A técnica, nas suas expressões mais avançadas hoje, vem trazendo concretamente uma grande liberação de tempo, acenando com inúmeras possibilidades de lazer, de felicidade. Um hedonismo ainda não estudado totalmente, cujos principais modelos são exportados pelos detentores das mais modernas tecnologias de produção, penetra toda a sociedade humana, alcançando países de tradições e estruturas muito diversas. A busca da felicidade e do prazer iniciada no século XX pelas multidões, num nível de massa, é um dos maiores acontecimentos modernos da história da humanidade. 


LOS  BORRACHOS ( D. VELÁZQUEZ, 1599-1660
Uma verdadeira e alucinada corrida se estabelece então, todos querendo aproveitar, gozar. Os meios, acreditamos todos, já existem, estão aí, só que essa felicidade não chega, corrompendo-se via de regra em escapismo e evasão através da droga, do álcool e, sobretudo, do consumismo. O ser humano do final do século XX e do início deste não vem conseguindo transformar seu tempo livre em lazer autêntico. O cidadão médio, o common man das nossas sociedades modernas, ainda que assistido por um arsenal tecnológico imenso, no seu trabalho e fora dele, atropelado pela ação anárquica dos meios de comunicação, jornais, TV, rádio, que o disputam como uma presa, que não param de lhe trazer novidades e ofertas, não vê como transformar seu tempo livre em lazer e muito menos como uma ideia de transcendência. Um ideal que o tornaria melhor porque o meio em que vive se tornaria melhor com a sua ação.

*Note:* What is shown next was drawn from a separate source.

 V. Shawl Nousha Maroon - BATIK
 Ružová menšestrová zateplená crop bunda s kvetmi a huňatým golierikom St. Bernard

Como regra geral, e consideradas as exceções de sempre, o homem moderno, o common man, sofre de uma preguiça mental exasperante. A conclusão é a de que vimos tendendo a promover a nossa aceitação social à custa de uma personalidade projetada, pois achamos que é mais fácil parecer do que ser. Montamos, assim, uma personalidade para ser consumida pelo meio em que vivemos, na família, no trabalho, no clube, na igreja, no bairro, no prédio em que residamos etc. A personalidade projetada deixa então de corresponder à personalidade real. E esta, se é que chegamos a ter consciência dela, também sabemos, com o tempo se esvai, se evapora, diante de tantos papéis que temos de representar. Mesmo que a muitos de nós seja possível passar uma imagem que esteja muito além ou acima daquilo que somos, a médio ou longo prazo, não poderemos escapar dos nossos atos. A pergunta, então, se coloca: qual a medida da nossa autenticidade? Por quanto tempo será possível suportar essa troca de papéis?

Uma das respostas a esta questão, a que mais se constata, é que grande parte das pessoas que buscam numa carreira o sucesso profissional acaba por fazê-lo através de uma personalidade artificial. Ora, a projeção de nossa personalidade não se faz apenas pelo que falamos ou escrevemos mas pela projeção total dela, e acima de tudo pelos nossos atos. Este conflito entre o que somos e parecemos pede muito de nós, sem dúvida...

Se tudo isso que estamos colocando fica muito mais fácil de perceber com relação às pessoas que buscam sucesso no mundo material, o mesmo acontece também com relação àqueles que procuram a realização no caminho intelectual ou espiritualista. Quantos, nestas áreas, não estão muito mais fixados nas suas palavras e escritos que nos seus próprios atos? Uma das mais trágicas consequências que tivemos nestas áreas foi aquilo que podemos chamar de perda da ideia de transcendência da qual vimos falando, a perda da ideia de que poderíamos ir além da situação em que nos encontrávamos intelectualmente ou espiritualmente. A maioria, anestesiada como sempre, vê e quer o futuro apenas como o presente, só que com muito mais tecnologia, isto é, cheio de maravilhosos efeitos especiais, como no cinema. Ao lado de tudo isso, vai se instalando também não só uma sensação de derrota, mas de desânimo e de dissimulação intelectual e espiritual, a velha acídia latina, que nos leva a fingir que todo esse retrocesso pode ser uma caminhada para o futuro.